In the early days of the Common Core movement, which arrived in my district fully in 2012, focusing on the text itself was emphasized, with little or no attention to reader experiences. This idea of close reading often meant that students were asked to read the same passage more than once. While I regard this approach, I don’t think that careful and thoughtful reading is the act of rereading everything in a passage. Instead, readers can note moments to return to in order to build comprehension.
Close, intentional attention to the author/creator’s work on the page can lead to thinking about the detailed work that can be done in a student’s composing. In the time of AI, these types of personal attention and details enrich student responses and highlight the author’s humanity on the page—ultimately writing about humans communicating with one another and helping young readers to know that they aren’t alone in their thoughts and experiences. The act of reading carefully and slowly is an opportunity for a deep dive rather than a surface skim, with focus on word choices and images that authors choose to use (noting motifs).
Taking our time means we’re learning about craft and even grammatical construction for a variety of literary effects—a reading-rich approach that outweighs workbook pages about parts of speech any day in terms of both engagement and relevance.
Embracing the Reread
What does a student gain from rereading a book? I’m overjoyed when a student wants to read a book the first time through, much less more than once. While I encourage students to read widely, I also appreciate reading deeply. When a student in my third year of middle school teaching asked to read A Christmas Carol again, I could’ve said no and insisted that they expand to another Dickens tale or a similar holiday fable.

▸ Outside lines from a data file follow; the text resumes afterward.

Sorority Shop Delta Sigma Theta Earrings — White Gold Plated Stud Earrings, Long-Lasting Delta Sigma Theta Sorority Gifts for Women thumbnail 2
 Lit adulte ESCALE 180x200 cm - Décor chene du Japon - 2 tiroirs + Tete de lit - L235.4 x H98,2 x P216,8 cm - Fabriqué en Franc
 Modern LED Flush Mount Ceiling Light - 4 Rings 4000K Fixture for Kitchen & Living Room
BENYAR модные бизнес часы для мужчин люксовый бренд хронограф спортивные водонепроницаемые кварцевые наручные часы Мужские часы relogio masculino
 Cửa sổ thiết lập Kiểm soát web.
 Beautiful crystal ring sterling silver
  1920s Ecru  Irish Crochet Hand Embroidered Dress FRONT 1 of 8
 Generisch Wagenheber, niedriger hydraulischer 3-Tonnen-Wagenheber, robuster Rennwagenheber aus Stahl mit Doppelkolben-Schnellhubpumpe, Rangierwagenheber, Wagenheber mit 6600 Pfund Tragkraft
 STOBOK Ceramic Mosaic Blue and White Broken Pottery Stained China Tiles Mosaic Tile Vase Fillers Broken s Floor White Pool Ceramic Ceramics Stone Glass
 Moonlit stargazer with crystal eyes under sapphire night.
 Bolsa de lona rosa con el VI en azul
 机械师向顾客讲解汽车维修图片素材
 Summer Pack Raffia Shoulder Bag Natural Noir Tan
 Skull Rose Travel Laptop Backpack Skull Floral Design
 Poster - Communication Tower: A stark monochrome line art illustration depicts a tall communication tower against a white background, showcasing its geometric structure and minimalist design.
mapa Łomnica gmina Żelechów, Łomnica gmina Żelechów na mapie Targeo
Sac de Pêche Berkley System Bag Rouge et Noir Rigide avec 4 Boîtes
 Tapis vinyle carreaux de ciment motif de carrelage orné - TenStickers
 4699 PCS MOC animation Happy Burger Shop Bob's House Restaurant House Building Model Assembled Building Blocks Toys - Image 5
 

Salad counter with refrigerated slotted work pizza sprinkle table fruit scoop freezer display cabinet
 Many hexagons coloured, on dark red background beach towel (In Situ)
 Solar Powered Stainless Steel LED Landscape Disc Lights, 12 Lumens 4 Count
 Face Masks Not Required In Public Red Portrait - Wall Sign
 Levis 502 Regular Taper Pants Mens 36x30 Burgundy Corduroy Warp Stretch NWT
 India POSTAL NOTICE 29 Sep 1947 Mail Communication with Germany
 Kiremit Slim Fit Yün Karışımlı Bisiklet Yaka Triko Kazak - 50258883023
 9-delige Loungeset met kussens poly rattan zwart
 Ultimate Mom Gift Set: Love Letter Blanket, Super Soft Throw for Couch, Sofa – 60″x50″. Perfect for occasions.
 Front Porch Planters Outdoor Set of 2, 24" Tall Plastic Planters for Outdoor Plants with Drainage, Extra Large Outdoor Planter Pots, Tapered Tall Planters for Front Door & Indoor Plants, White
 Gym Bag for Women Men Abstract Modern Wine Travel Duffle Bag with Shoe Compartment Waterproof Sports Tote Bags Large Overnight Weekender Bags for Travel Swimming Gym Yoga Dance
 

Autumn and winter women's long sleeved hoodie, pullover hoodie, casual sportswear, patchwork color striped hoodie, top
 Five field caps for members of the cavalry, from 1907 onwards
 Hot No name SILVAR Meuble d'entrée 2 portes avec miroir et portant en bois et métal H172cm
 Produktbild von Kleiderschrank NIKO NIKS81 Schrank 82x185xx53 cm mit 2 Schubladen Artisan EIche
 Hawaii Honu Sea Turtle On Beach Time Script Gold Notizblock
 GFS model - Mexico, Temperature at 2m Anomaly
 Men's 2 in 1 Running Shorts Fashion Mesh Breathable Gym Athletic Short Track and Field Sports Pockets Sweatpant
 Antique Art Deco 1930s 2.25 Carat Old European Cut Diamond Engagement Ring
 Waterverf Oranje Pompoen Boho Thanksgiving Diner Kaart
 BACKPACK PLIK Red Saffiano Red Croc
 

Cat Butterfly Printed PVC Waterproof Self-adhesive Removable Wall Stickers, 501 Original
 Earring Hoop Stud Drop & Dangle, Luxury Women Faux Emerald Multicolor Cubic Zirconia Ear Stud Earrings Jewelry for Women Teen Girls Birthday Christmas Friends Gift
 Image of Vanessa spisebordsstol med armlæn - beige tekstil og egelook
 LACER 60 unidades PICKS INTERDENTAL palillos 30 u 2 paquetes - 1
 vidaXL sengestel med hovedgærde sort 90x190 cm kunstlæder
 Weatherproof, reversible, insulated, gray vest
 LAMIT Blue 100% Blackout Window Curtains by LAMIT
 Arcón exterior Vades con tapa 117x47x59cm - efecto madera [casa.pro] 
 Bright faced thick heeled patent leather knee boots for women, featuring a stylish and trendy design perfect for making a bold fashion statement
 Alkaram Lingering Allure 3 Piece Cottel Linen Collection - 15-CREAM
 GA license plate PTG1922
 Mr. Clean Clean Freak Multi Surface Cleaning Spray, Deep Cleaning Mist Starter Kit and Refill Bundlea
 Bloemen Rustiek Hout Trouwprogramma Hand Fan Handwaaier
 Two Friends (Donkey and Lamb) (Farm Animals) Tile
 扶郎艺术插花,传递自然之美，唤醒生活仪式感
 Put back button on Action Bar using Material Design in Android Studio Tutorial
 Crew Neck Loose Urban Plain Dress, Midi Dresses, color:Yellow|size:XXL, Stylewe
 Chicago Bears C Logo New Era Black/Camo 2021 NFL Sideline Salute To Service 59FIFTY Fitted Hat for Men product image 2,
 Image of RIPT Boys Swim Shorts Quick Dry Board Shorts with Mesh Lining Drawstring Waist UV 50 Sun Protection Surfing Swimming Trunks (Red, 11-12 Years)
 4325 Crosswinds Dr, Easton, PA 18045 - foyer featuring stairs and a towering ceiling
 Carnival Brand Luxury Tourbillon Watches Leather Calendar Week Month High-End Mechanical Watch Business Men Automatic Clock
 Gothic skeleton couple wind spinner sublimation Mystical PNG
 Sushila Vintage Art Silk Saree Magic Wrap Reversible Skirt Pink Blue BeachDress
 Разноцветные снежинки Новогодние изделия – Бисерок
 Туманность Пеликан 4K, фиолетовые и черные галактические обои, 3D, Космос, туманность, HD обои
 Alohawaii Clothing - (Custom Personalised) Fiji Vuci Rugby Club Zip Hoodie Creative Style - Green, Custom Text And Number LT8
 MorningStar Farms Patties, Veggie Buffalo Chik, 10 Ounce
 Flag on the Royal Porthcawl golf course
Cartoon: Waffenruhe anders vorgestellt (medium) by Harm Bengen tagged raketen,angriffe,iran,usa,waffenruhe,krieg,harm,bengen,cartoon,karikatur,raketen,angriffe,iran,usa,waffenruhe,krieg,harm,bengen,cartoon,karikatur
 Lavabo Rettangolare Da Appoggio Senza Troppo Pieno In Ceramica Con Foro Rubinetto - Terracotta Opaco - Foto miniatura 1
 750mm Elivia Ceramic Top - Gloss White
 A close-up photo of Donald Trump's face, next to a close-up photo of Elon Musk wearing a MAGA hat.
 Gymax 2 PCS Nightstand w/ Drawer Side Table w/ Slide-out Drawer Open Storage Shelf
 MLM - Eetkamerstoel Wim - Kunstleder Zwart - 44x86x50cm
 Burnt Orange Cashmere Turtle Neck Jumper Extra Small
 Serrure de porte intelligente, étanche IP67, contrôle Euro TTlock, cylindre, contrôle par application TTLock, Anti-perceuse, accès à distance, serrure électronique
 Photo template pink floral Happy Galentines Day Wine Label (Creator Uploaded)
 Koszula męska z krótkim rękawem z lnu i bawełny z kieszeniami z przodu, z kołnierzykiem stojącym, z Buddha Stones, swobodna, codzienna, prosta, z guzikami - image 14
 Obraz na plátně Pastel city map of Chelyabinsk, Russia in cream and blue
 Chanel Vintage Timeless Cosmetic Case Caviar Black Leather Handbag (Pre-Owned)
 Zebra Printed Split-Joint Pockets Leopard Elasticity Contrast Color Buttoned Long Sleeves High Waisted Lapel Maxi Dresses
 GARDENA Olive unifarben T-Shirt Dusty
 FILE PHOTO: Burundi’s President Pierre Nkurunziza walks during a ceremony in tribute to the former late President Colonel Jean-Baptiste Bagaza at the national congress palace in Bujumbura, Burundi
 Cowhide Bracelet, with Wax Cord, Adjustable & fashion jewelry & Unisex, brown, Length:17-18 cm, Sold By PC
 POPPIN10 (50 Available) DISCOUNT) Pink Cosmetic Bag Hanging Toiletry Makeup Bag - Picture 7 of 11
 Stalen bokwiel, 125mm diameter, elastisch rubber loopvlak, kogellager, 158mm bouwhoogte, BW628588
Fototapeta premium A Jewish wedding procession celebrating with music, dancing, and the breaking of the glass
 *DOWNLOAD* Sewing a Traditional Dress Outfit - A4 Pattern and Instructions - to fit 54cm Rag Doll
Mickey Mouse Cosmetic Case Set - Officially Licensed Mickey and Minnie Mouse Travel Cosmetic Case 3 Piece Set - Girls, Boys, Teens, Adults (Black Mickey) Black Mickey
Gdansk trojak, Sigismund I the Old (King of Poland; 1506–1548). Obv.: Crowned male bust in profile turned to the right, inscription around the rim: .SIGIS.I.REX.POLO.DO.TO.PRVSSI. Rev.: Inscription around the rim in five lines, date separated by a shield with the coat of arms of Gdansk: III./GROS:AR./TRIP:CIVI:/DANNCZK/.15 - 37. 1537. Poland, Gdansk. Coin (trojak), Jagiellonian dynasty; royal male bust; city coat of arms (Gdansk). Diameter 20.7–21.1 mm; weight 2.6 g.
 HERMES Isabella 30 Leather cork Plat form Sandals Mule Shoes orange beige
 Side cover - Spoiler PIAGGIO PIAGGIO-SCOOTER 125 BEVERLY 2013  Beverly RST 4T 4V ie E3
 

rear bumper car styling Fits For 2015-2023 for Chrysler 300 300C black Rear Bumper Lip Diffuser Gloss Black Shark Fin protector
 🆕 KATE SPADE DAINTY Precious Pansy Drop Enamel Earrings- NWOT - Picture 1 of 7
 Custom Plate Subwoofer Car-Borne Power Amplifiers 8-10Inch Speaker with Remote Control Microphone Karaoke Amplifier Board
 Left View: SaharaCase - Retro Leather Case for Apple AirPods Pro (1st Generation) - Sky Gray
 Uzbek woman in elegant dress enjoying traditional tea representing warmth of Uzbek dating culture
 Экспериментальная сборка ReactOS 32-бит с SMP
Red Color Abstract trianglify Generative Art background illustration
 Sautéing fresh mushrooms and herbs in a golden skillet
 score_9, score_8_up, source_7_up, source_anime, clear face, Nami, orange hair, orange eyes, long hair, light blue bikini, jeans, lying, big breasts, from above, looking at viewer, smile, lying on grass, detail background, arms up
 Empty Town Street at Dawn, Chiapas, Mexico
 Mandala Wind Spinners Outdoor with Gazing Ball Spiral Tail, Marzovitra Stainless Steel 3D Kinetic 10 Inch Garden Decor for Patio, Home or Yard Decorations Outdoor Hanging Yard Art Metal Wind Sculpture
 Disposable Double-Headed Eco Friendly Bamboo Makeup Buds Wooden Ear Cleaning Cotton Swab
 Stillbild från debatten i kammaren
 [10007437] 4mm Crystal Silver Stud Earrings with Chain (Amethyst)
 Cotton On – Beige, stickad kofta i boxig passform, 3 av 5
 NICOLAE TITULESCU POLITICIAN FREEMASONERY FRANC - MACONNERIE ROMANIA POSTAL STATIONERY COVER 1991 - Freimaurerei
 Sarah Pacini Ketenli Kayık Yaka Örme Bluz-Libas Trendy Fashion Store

Instead, I recognized that the return journey might produce something new, including stronger comprehension. Rereading also leads to greater fluency, which is an area of literacy development I am deeply invested in for older readers. Moreover, recognizing aspects of how a text works demonstrates critical thinking that can be further supported with questions about how a text can be changed or reworked for greater effect.
When prompted by the student, the act of rereading facilitates the close and layered engagement with texts that I’m after. Rereading is also a necessary interaction for all texts, but particularly for taking in all of the elements of a multimodal/visual text that a comic, graphic novel, or picture book has to offer.
Less Can Be More, But So Can More
This isn’t a baby and bathwater approach. My goal is not to abandon a list of reads for a semester or yearlong class, but to suggest that it’s sometimes OK to reread, dig in, and take our time (with intention). I’m thinking of students who are building comprehension and might need the practice of rereading a single page or section once or twice to monitor their understanding, as well as students who are building fluency and might reread an entire book more than once. Normalizing rereading to build understanding, especially when encountering a very complex content area text or unfamiliar genre, is welcoming work for readers who may not be confident in their skills.
While I teach in 90-minute blocks, reading times can be adjusted for 20-minute reading periods daily or a few times per week. This focus on reading time can be a flexible approach that includes class-wide reads, independent reading choices, or small group reading.
In fact, Cunningham and Stanovich’s seminal research shows that reading volume does matter. Instead of kicking one approach to the side, I suggest capturing readers by closely engaging with materials, while also noting that there are times in reading instruction to read widely, and times to pause and linger.
Both ways of reading are welcome, and I want to foster classrooms where multiple ways of engaging with many texts are practiced. Finally, I highly recommend Jacqueline Woodson’s TED Talk on reading slowly to inspire thinking about how taking time on a page matters. The idea of slow reading is certainly not new to me, and Tom Newkirk has made this case well in academic research. Finding aspects of writing that we love to notice closely and appreciate repeatedly is part of the joy of reading—why not practice that, whenever possible, in the classroom?